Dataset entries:
::::::

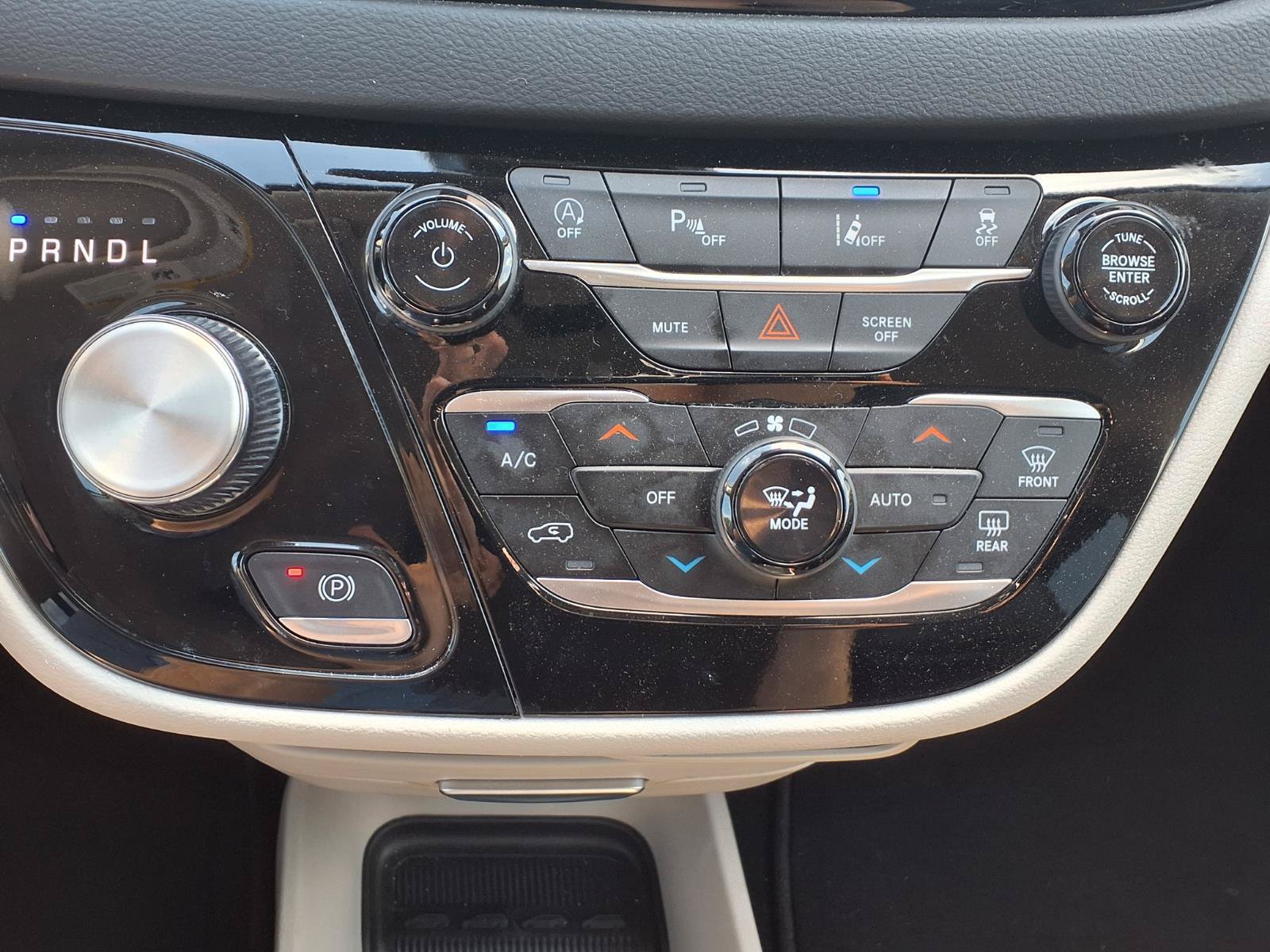 Used 2024 Chrysler Pacifica Touring-L FWD image 6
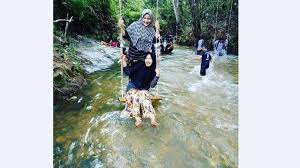 Kabupaten sarolangun memiliki 10 kecamatan, 9 kelurahan, dan 149 desa (dari total 141 kecamatan, 163 kelurahan dan 1.399 desa di seluruh jambi). Wikijambi Main Ayunan Di Atas Sungai Berair Jernih Pernah Ke Taman Tanjung Menanti Merangin Halaman 2 Tribun Jambi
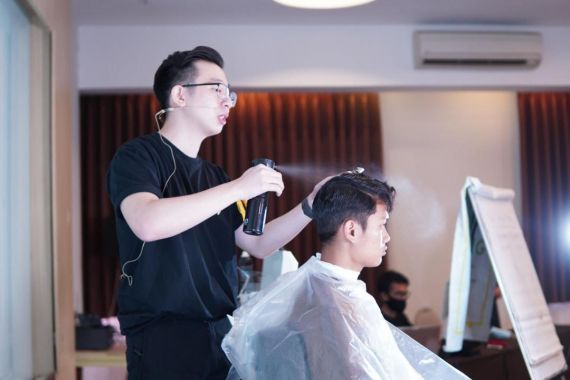 Pengin Sukses Kembangkan Bisnis Barbershop? Nih Simak Tips dari Kevin Tania - JPNN.COM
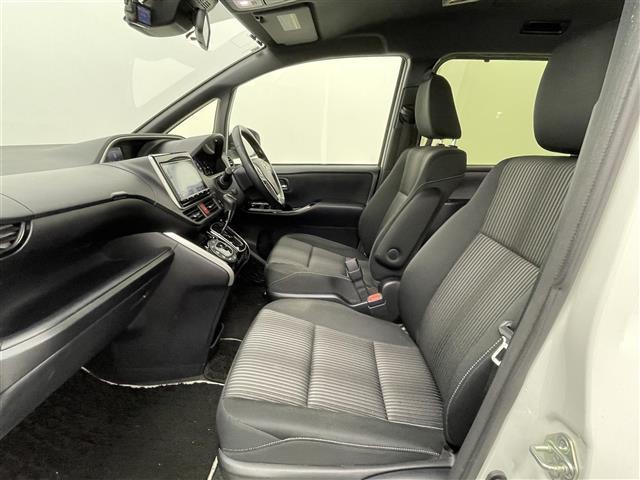 ヴォクシー ZS 煌 純正ナビ(CD・DVD・フルセグ・SD)バックカメラ 純正フリップダウンモニター 社外前後ドライブレコーダー ビルトインETC クルーズコントロール 衝突軽減ブレーキ 横滑り防止 アイドリングストップ(24枚目)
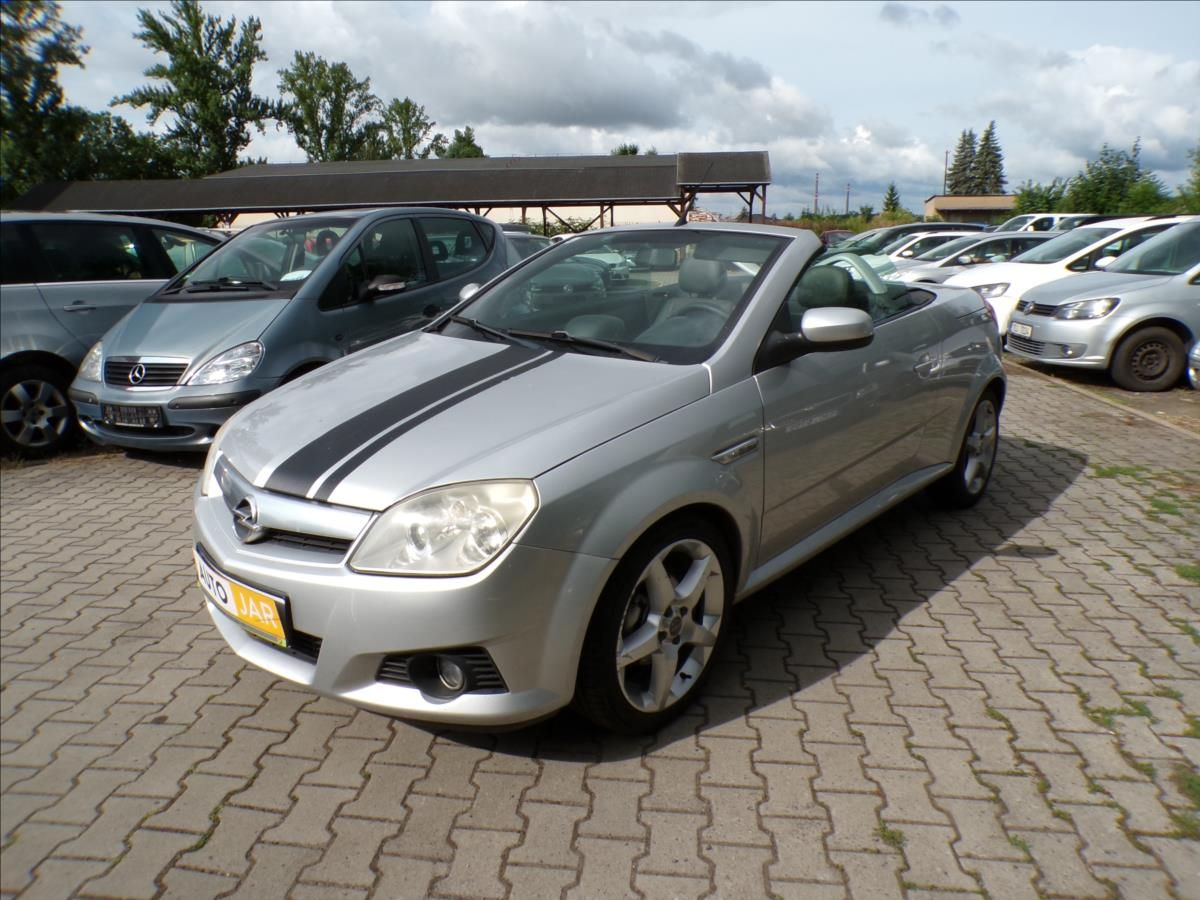 Opel Tigra, 1,4 16V  KLIMATIZACE - fotka 2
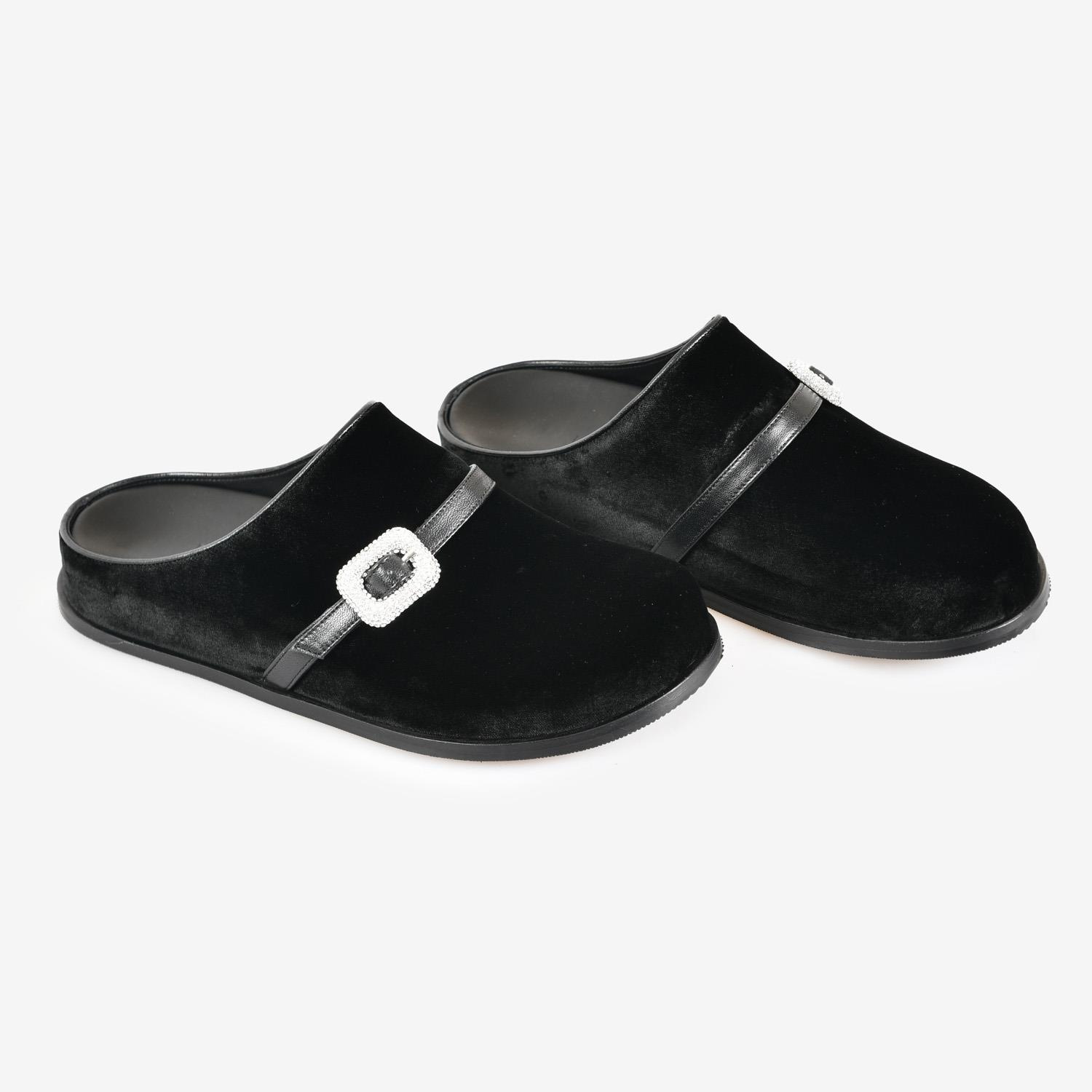 Siyah Kadife Taşlı Tokalı Düz Kadın Abiye Terlik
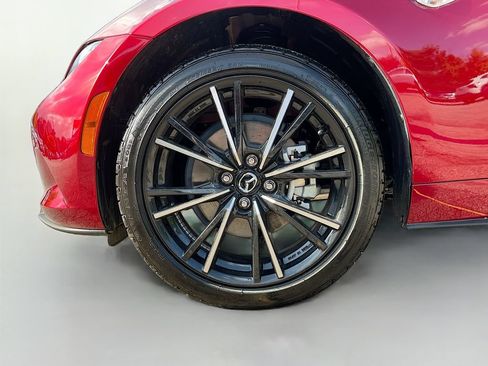 Used 2025 MAZDA MX-5 Miata Grand Touring w/ Weather Package RWD image 27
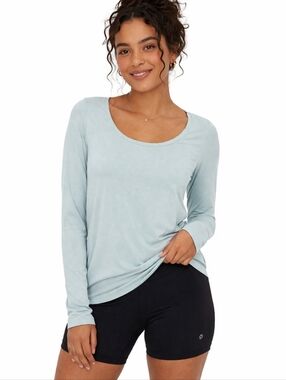 Athleta ($90) Long Sleeve Scoop Neck Performance Top Women’s Small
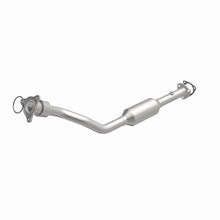 Load image into Gallery viewer, MagnaFlow 04-05 Chevrolet Cavalier 2.2L Direct Fit Converter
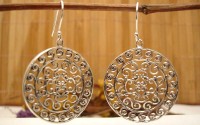 Boucles d'oreille en argent masssif.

::::::

Copy every line of the data exactly as written, excluding the pictures.

 Used 2024 Chrysler Pacifica Touring-L FWD image 6
 Kabupaten sarolangun memiliki 10 kecamatan, 9 kelurahan, dan 149 desa (dari total 141 kecamatan, 163 kelurahan dan 1.399 desa di seluruh jambi). Wikijambi Main Ayunan Di Atas Sungai Berair Jernih Pernah Ke Taman Tanjung Menanti Merangin Halaman 2 Tribun Jambi
 Pengin Sukses Kembangkan Bisnis Barbershop? Nih Simak Tips dari Kevin Tania - JPNN.COM
 ヴォクシー ZS 煌 純正ナビ(CD・DVD・フルセグ・SD)バックカメラ 純正フリップダウンモニター 社外前後ドライブレコーダー ビルトインETC クルーズコントロール 衝突軽減ブレーキ 横滑り防止 アイドリングストップ(24枚目)
 Opel Tigra, 1,4 16V  KLIMATIZACE - fotka 2
 Siyah Kadife Taşlı Tokalı Düz Kadın Abiye Terlik
 Used 2025 MAZDA MX-5 Miata Grand Touring w/ Weather Package RWD image 27
 Athleta ($90) Long Sleeve Scoop Neck Performance Top Women’s Small
 Load image into Gallery viewer, MagnaFlow 04-05 Chevrolet Cavalier 2.2L Direct Fit Converter
 Boucles d'oreille en argent masssif.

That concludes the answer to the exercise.